**RECORDS SHOWN:**
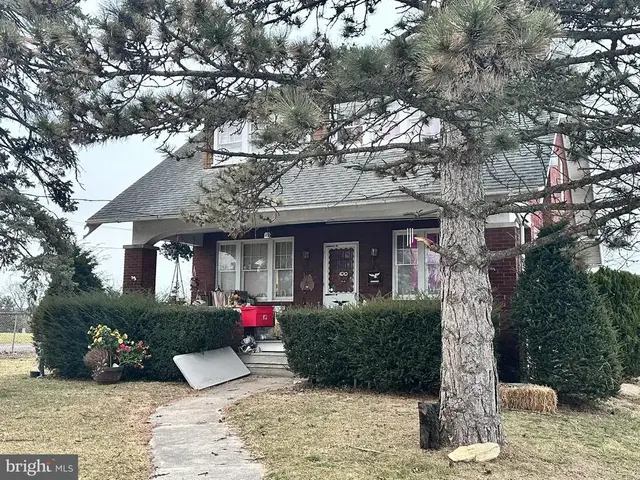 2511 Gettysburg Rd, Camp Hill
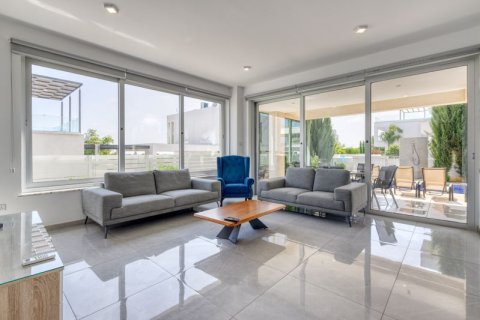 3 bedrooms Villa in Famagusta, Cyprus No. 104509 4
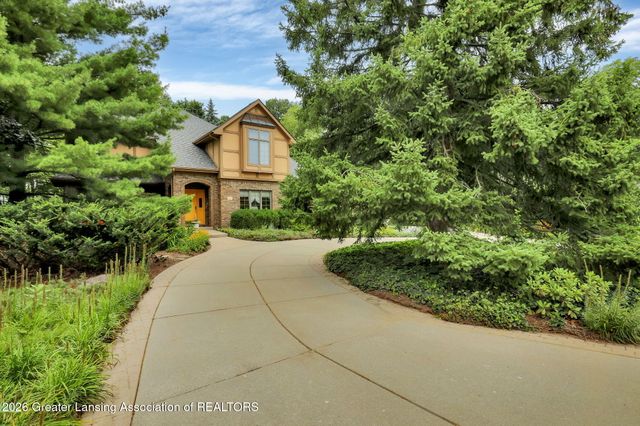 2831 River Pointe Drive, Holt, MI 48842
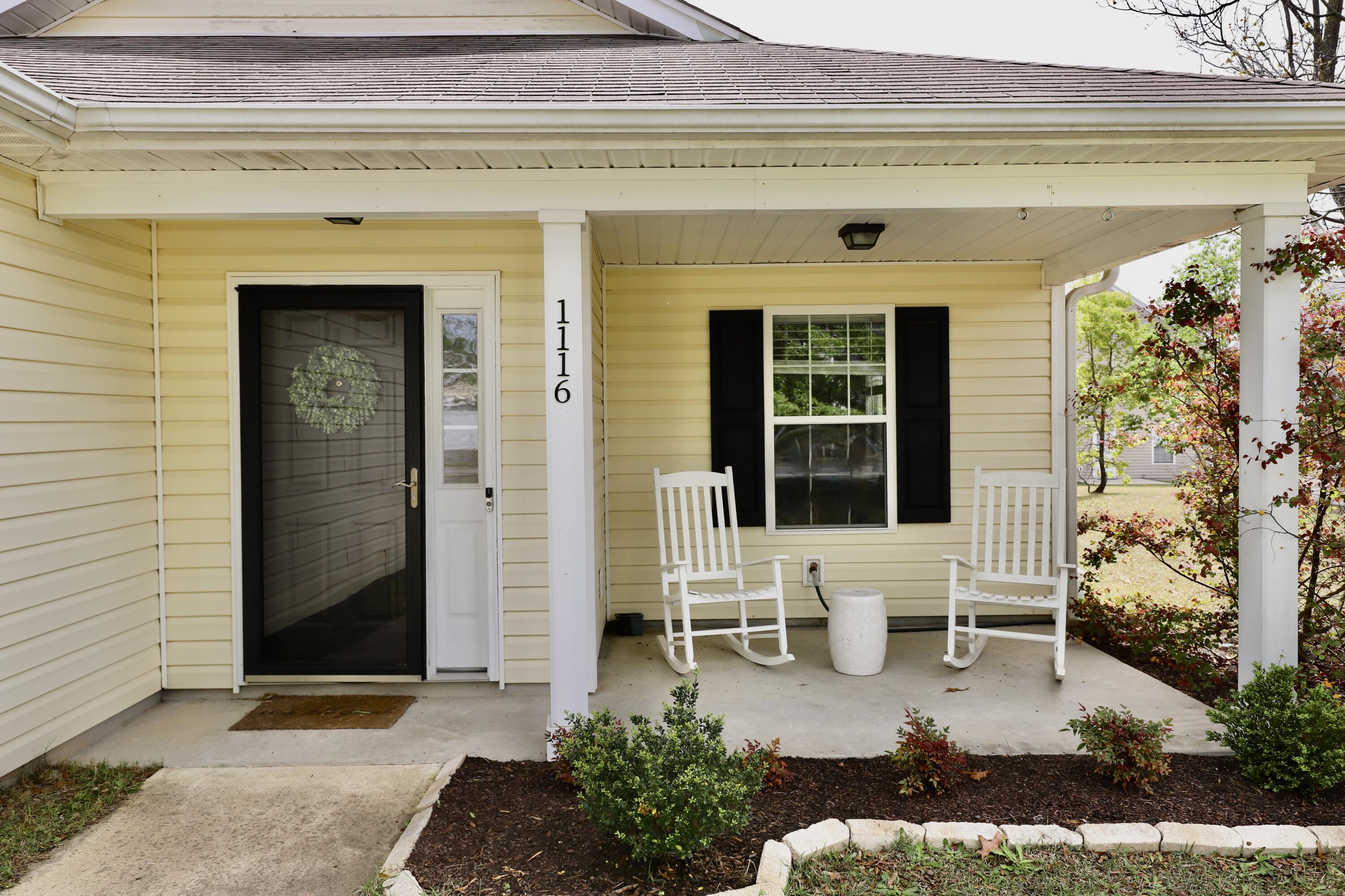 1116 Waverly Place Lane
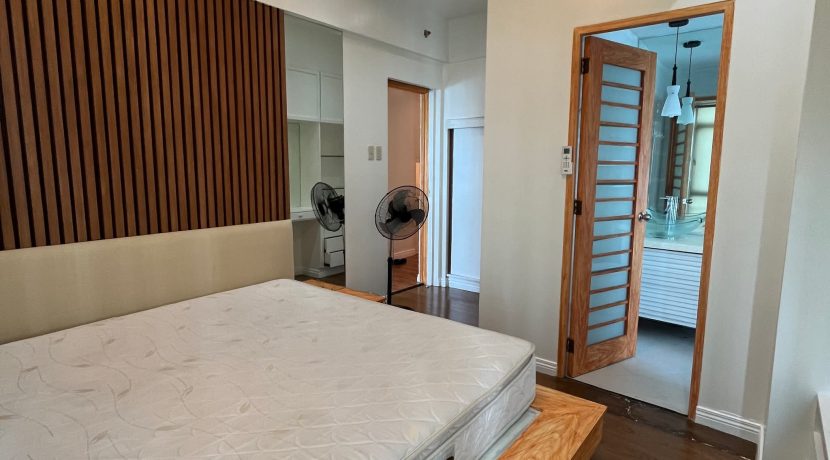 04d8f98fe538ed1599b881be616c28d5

**WORK TO COMPLETE:**
All that is wanted is the lines from the one holding "3 bedrooms Villa" through the end of the material, duplicated exactly, with no pictures.

**RESULT FOR THIS TASK:**
 3 bedrooms Villa in Famagusta, Cyprus No. 104509 4
 2831 River Pointe Drive, Holt, MI 48842
 1116 Waverly Place Lane
 04d8f98fe538ed1599b881be616c28d5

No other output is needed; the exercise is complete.